Elsewhere in Baghdad, Iraqi police and hospital officials said a
joint U.S.-Iraqi force searched a hospital for an unspecified target in
the volatile Sunni-dominated western neighborhood of Yarmouk.

The Americans confiscated weapons and ID cards from the police and
guards at the hospital after a confrontation with a guard demanding
they leave their weapons at the door, Khalaf said.

“We resolved the matter within minutes and the Americans gave the
Iraqi policemen their weapons and IDs cards back and now everything is
OK,” he said.

Dr.

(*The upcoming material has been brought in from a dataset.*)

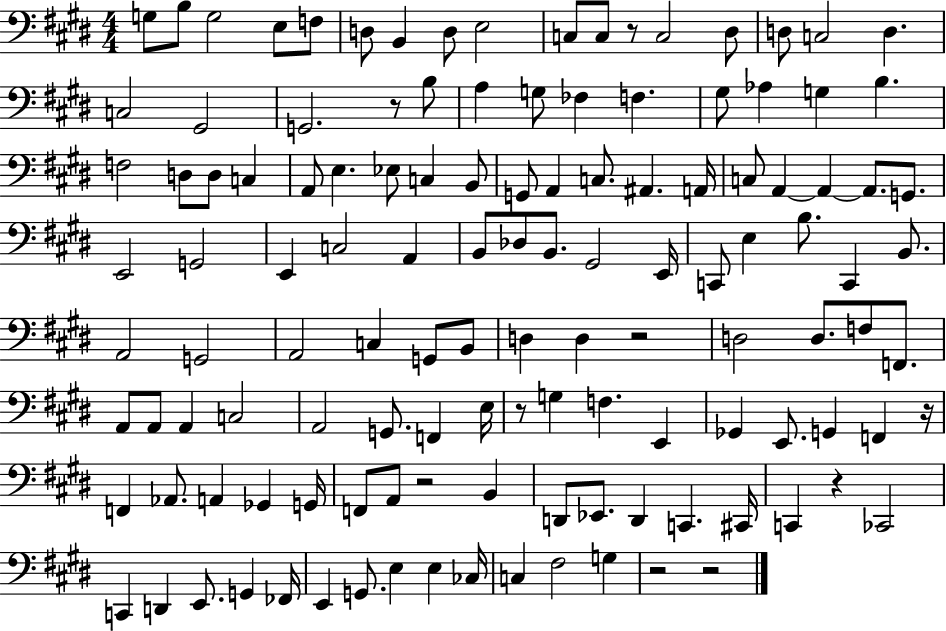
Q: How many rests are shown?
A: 9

Haqi Ismail, the hospital’s manager, said the raid occurred at 4:30 a.m.

“They were looking for someone, they searched all the rooms and the emergency unit,” he said.

The U.S. military did not respond to request for comment on either raid.

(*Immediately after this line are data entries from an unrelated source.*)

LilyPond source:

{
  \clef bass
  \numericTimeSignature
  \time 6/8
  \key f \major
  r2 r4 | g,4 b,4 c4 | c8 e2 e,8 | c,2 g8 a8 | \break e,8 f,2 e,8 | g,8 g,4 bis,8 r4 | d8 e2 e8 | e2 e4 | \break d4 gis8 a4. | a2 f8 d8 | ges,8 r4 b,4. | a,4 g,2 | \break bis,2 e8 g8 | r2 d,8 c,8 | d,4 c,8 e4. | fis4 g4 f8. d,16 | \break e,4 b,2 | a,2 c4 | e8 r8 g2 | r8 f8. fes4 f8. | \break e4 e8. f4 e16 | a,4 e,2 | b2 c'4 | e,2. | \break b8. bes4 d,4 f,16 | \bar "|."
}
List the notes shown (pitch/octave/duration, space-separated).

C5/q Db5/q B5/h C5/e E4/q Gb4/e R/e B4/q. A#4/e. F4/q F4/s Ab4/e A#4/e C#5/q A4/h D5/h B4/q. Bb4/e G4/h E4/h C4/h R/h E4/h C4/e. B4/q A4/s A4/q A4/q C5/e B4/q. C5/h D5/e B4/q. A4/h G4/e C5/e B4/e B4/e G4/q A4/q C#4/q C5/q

U.S. and Iraqi forces are gearing up for a joint security operation
aimed at ending attacks between Shiites and Sunnis that have been
spiraling since the Feb. 22 bombing of a Shiite shrine in Samarra.

President Bush has committed an additional 21,500 American soldiers
for the drive and U.S. commanders have been promised a freer hand
against both Sunni insurgents and Shiite militiamen.

The top American commander in Iraq, Gen. George Casey, said Friday
that he thought some of the extra troops for Baghdad might return home
after a few months.

The deaths highlighted a major danger for U.S. forces in Iraq, where
the military relies heavily on air travel to avoid the dangers of
roadside bombs.

“I think it’s probably going to be the summer, late summer, before
you get to the point where people in Baghdad feel safe in their
neighborhoods,” Casey said.

On Friday, U.S. and Iraqi forces swooped into a mosque complex in
eastern Baghdad before dawn and detained Abdul-Hadi al-Darraji. The
office of Muqtada al-Sadr said al-Darraji was media director for the
cleric’s political movement and demanded his immediate release.

The U.S. military, in a statement that did not name al-Darraji, said
special Iraqi army forces operating with U.S. advisers had “captured a
high-level, illegal armed group leader” in Baghdad’s Baladiyat
neighborhood, which is adjacent to Sadr City, the stronghold of
al-Sadr’s militia, the Mahdi Army. It said two other suspects were also
detained.

Nassar al-Rubaie, the head of al-Sadr’s bloc in parliament, accused
U.S. forces of trying to provoke the Sadrists into violence ahead of
the security operation.

He said al-Darraji “is a peaceful man and what was mentioned in the
American release is lies and justification for the aggression against
al-Sadr’s movement.”

An adviser to Iraqi Prime Minister Nouri al-Maliki complained there
was no coordination with the political leadership in the arrest.